I know I am very lucky to finally have my own work space. When I first started machine knitting, I used my antique dining room table for over a year. Then I had a desk for three years. Then we moved here and I was able to have my own space, and of course, have expanded my yarn and machine collection to fill that space.
That means though, when something happens to my space, it's a complete disruption in my creative life. And that's another thing that's been messing with my life lately!
Another leak in the basement. We had the first one about 8 months after moving in. We wondered why there was water damage on the bottom of the bar when we moved in. Then we found out!
The bar was taken out and the wall repaired, though left unstudded. We were going to do some cosmetic work in the basement, since it was already "finished". Then my husband started fixing somethings and he couldn't tolerate the poor (and unsafe) job that had been done and it's turned into a total gut. Bit by bit though.
I've had my studio space fairly well organized, though a little cluttered since it was also serving as storage space. It tended to be cold and a little damp down there, with not a whole lot of natural light. We've toyed with the idea of moving my space to my son's bedroom upstairs and making him a bedroom downstairs....but I'm not ready for a teen hermit :)
One day in early March, after a warm spell, I was down in my area getting some yarn. I noticed that the laminate floor was pouffy and raised in areas near an outside wall. It had the same look as when the drain pipe came off the furnace and we had a little river. And, even worse, if I stood in one spot, my foot got damp!
I cleaned up, and moved things around for when Rob got home. This was not on our agenda for quite some time, but you can't leave a water leak!
First he cut a hole in the wall to see where the leak was. It wasn't where he thought it'd be!
I encouraged him to take up the floor and he had to start over by the back wall (inside wall). The drain area seemed fine, so it wasn't a back up.
However, the previous people had put cardboard under the laminate, and it was wet and moldy and smelly.The cardboard came up and we found plastic duct taped to the floor. There was water under the plastic. And boy, was it stinky. This is only a small area of water damage, but I couldn't stand the smell. I can't fathom what a whole flood would do!
All the wet floor was taken up, and the rest of the lower wall removed. We found this area that had been patched with tar. We left it for a day, and sure enough, there was a river soon!
They had only "fixed" the lower half of the wall, but the crack went all the way to the ceiling!
Rob had to grind off the tar (smelly!), put in these plastic "nipples", and fill the crack with expanding foam.
Well, this is where the crack meets the outside!

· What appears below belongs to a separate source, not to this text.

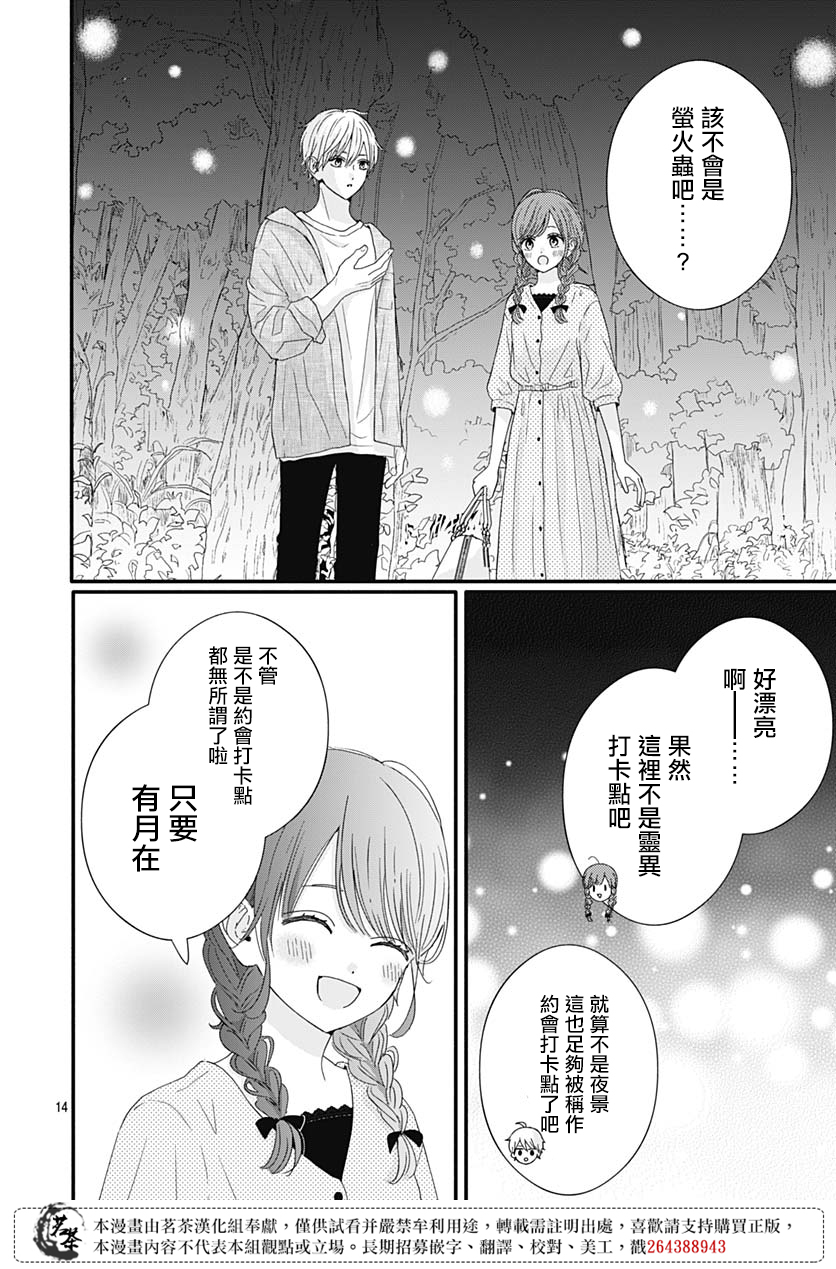 第68话13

See the little bit of tar (I don't think that's the right word) they had painted on?!
Once the foam hardens, the nipples are cut off and the crack is cemented over.

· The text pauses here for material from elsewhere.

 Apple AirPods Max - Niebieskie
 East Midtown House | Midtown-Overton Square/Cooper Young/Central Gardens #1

Once this job was done, Rob finished up framing a storage room and most of my bins moved there after I sorted stuff out.
This is MOST of my yarn. I didn't include the yarn in the six bins in the cubby unit (the black bags are the yarn that was in the open cubbies). Also not included is all my cone yarns and my yarn that was already upstairs waiting for work.

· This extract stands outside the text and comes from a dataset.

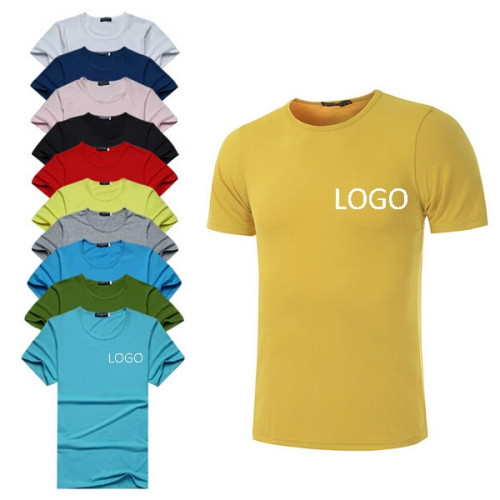 Customized T-shirt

I ended up with 6 of those big (86gallon?) bins, and yarn piled on top of them too. I culled some out, hoping to sell it on kijiji.ca but no takers. Not stuff I really want to give away free though.
I can finally get back to business down there, though I don't even know what I want to do first...there's so many things I want to do (especially after fondling nearly ALL my yarn!). There's also some sewing I want to do. I feel a little overwhelmed. So, I bought two 50gr balls of cheap yarn at a discount store. $2.26. LOL.
Yarn In: 100gr + 5092gr = 5192gr
Yarn Out: 1504gr
Balance: 3688gr more brought IN than out
Cost: $2.26 + $155.71 = $157.97/93 days = $1.70/day
While I am at about half of what I brought IN compared to last year (much of that was a donation), I am at way less for output. Partly because I haven't totalled up a bunch of stuff yet, and I've been making a lot of little hats that use only 40-50gr each. Need to do some more big stuff!